WORK ITEM =>
Write out exactly the lines running from the one with "淺焙 | 自家烘焙咖啡豆" to the end of the data, including both of those lines and excluding pictures.

DATA FOR PROCESSING =>
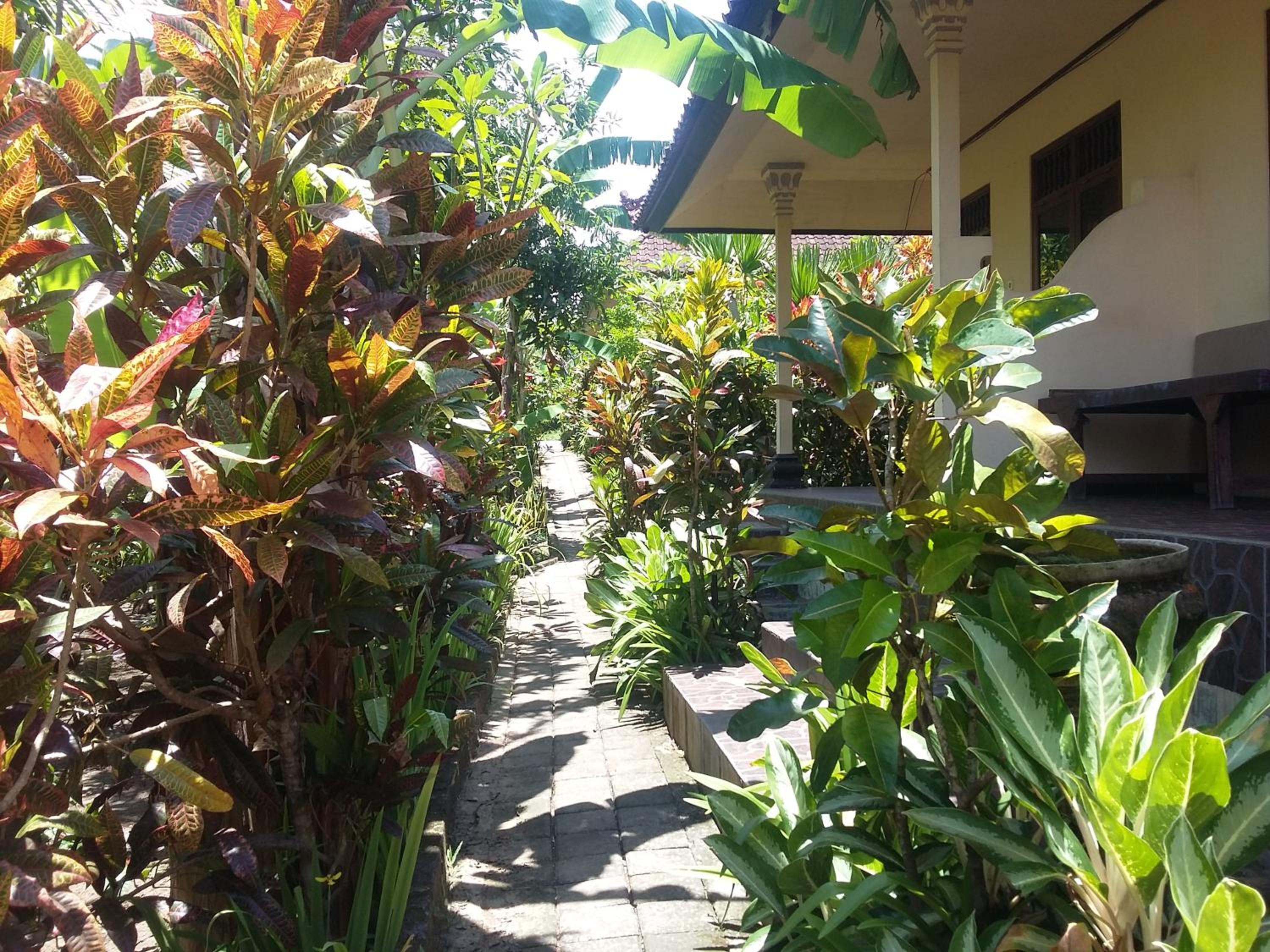 Surya Homestay view 2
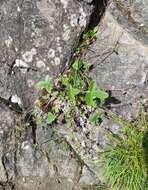 Image of Potentilla nivea var. elongata Wolf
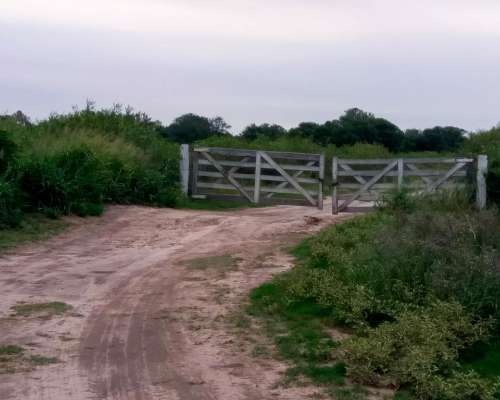 Campo Mixto 400has Tostado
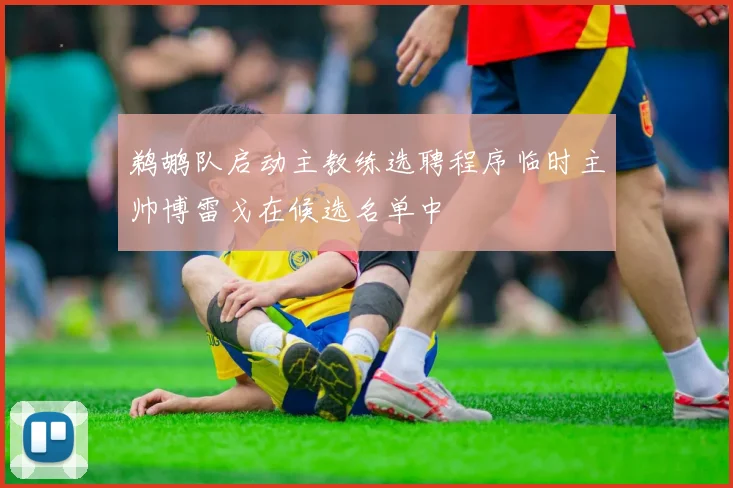 鹈鹕队启动主教练选聘程序临时主帅博雷戈在候选名单中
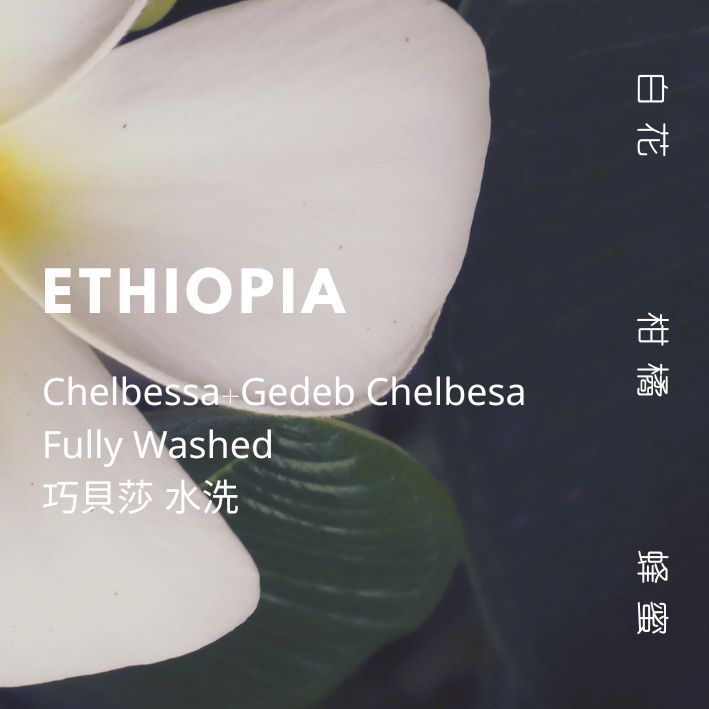 【豆人咖啡 Domain Coffee】衣索比亞 耶加雪菲 巧貝莎處理場  JARC精選 水洗 淺焙 | 自家烘焙咖啡豆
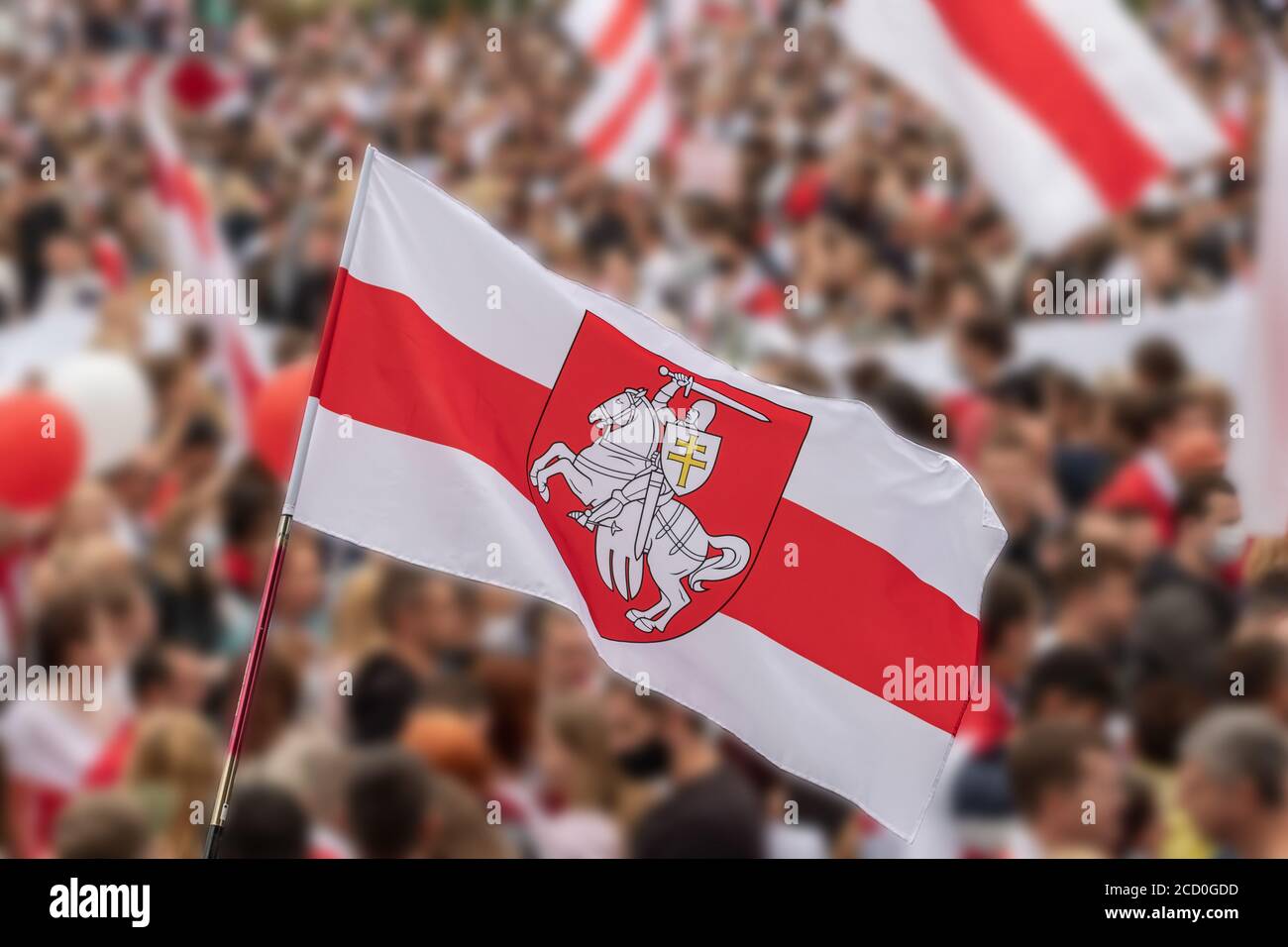 National white red white flag of Belarus with historic belarusian coat of arms Pahonia. Stock Photo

ANSWER FOR THIS EXERCISE =>
 【豆人咖啡 Domain Coffee】衣索比亞 耶加雪菲 巧貝莎處理場  JARC精選 水洗 淺焙 | 自家烘焙咖啡豆
 National white red white flag of Belarus with historic belarusian coat of arms Pahonia. Stock Photo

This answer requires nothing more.